The Inter-Services Intelligence, Pakistan’s powerful intelligence service which helped create the Taliban in the 1990s, was persuaded to cooperate with the United States by the powerful head of Saudi Arabia’s principal intelligence service, the General Intelligence Presidency, Prince Muqrin bin Abdulaziz, younger half-brother of King Abdallah.

He conducted shuttle diplomacy between Riyadh and Islamabad, where he convinced Lt. Gen. Ashfaq Parvez Kayani, the chief of staff of the Pakistani army, to order the ISI to play ball.

Saudi petrodollars had a lot to do with that. The sources say that Riyadh has been helping the Pakistani military pay for its recent offensive against the Taliban.

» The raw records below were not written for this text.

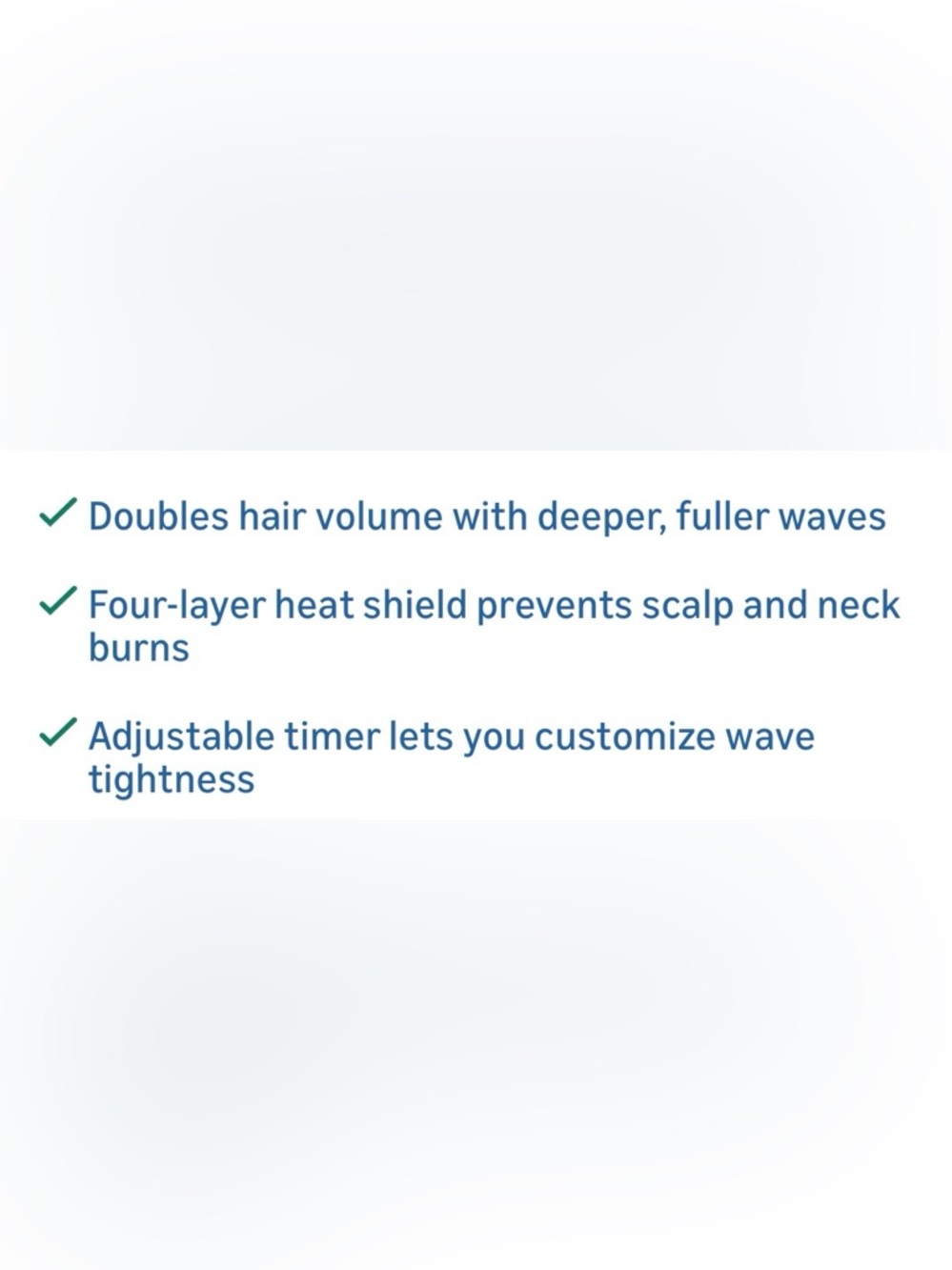 TYMO Pink 1.25" Hair Waver — Professional Beach Wave Styler - Picture 4 of 4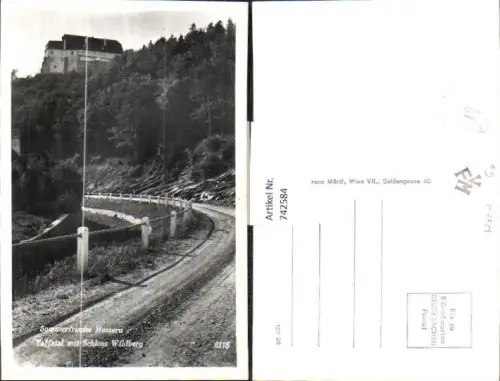 742584 Foto AK Messern Taffatal mit Schloss Wildberg Horn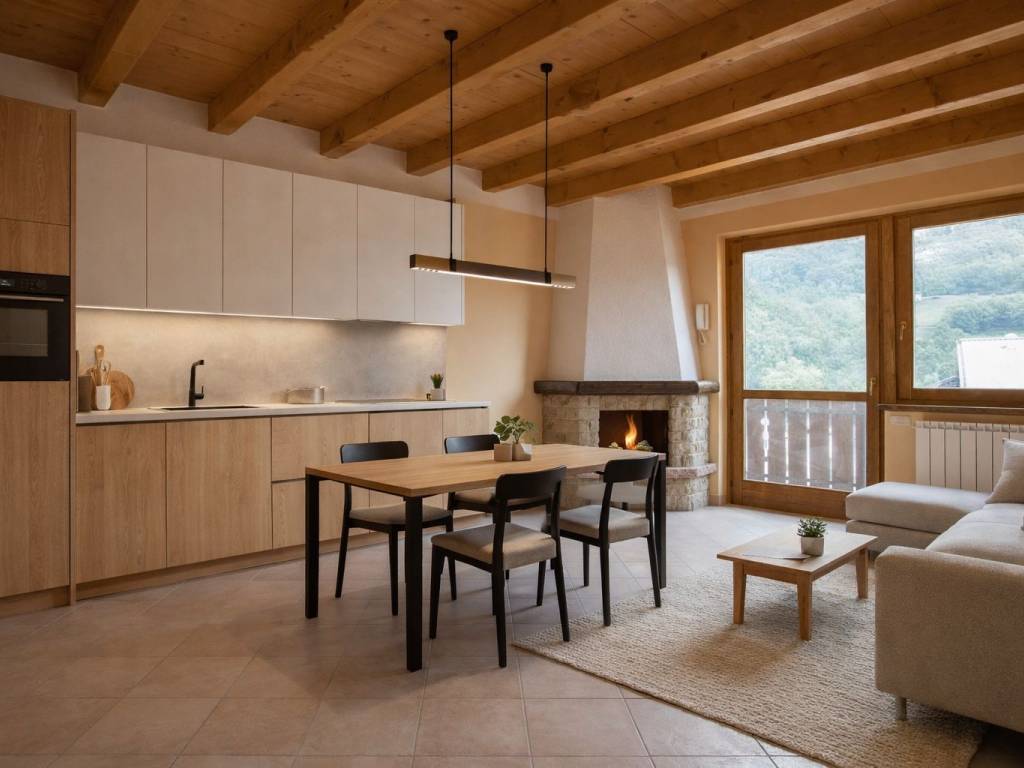 appartamento in vendita a Costa Serina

America’s enemies may not have much in the way of lasers, satellites and missiles but on thing they have a lot of is a lack of scruples. And ruthlessness may be the one military commodity worth anything any more on our politically correct planet.  Maybe the reason Kenneth Anderson will never get his wish is that it is so much more convenient to deny you did it rather than to ask for permission. The basic principle of 21st century warfare is that that like CS Lewis’ devil it’s main aim is to convince everyone that it does not exist. The days of uniformed armies, navies and air forces may be numbered and in their place a world where disputes are settled by assassins, robotic or otherwise, cris-crossing the continents looking for a man with a problem.

Where would you go to monitor a World War 3 without contiguous battlefields? Maybe on Twitter, which you can mine for nuggets of things that never were. Wired says the Pentagon is sort of, kind of lifting its restrictions on the use of social networking sites so there’s a chance for journalists there. “On Friday, the Pentagon announced a new social media policy that will the troops to use Twitter, Facebook and other social networking sites, within limits. True to form, Pentagon social media czar Price Floyd announced the policy change in a Twitter update.” And you might surf the Web from Iceland, which is considering becoming the Switzerland of online secrets. “Could global news organizations with a home office in Reykjavík soon be as common as Delaware corporations or Cayman Islands assets?” But maybe it isn’t lawsuits journalists will be hiding from in the frozen. But in a world where there is no war and no formal enemies, what is there to fear? Just the shadow in the doorway which is only a trick of your imagination.


Who is Keyser Soze? He is supposed to be Turkish. Some say his father was German. Nobody believed he was real. Nobody ever saw him or knew anybody that ever worked directly for him, but to hear Kobayashi tell it, anybody could have worked for Soze. You never knew. That was his power. The greatest trick the Devil ever pulled was convincing the world he didn’t exist. And like that, poof. He’s gone.